2月の文楽公演(東京)の第3部で、《阿古屋琴責》の段(壇浦兜軍記)が上演された。
平家の残党・景清の行方を捜索中の畠山重忠は、遊君・阿古屋を逮捕する。彼女は景清の愛人なので、行方を知っているはずだ。だが、いくら取り調べても、知らぬ存ぜぬの一点張り。そこで重忠は奇策を発案する。阿古屋に、三曲(琴、三味線、胡弓)を弾かせるのだ。もし音色に乱れが生じれば、ウソをついている証しになる……まさに劇画のような「奇策」だが、こういうトンデモ設定を平然と入れ込むところが、江戸エンタメの面白さでもある。
今回は、この三曲を、鶴澤寛太郎(1987~)が見事にこなして、人形の阿古屋(桐竹勘十郎)ともども、喝采を受けていた(彼の三曲は、東京ではこれが2回目だと思う)。

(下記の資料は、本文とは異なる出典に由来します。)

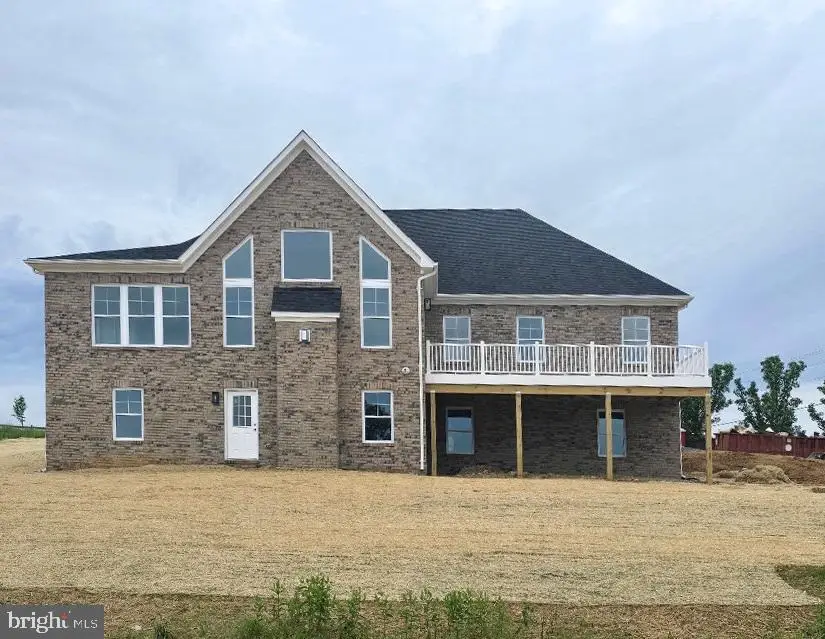 109 Inez Lane, Stephens City, VA 22655 - Image #1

幕間にロビーの売店をのぞくと、新刊書籍が山積みになっていた。『うたかた 七代目鶴澤寛治が見た文楽』(中野順哉、関西学院大学出版会)とある。昨年9月に、89歳で逝去した人間国宝、七代目鶴澤寛治(1928~2018)の、聞き書き自伝である。「阿古屋」は、寛治の若いころの得意演目でもあった。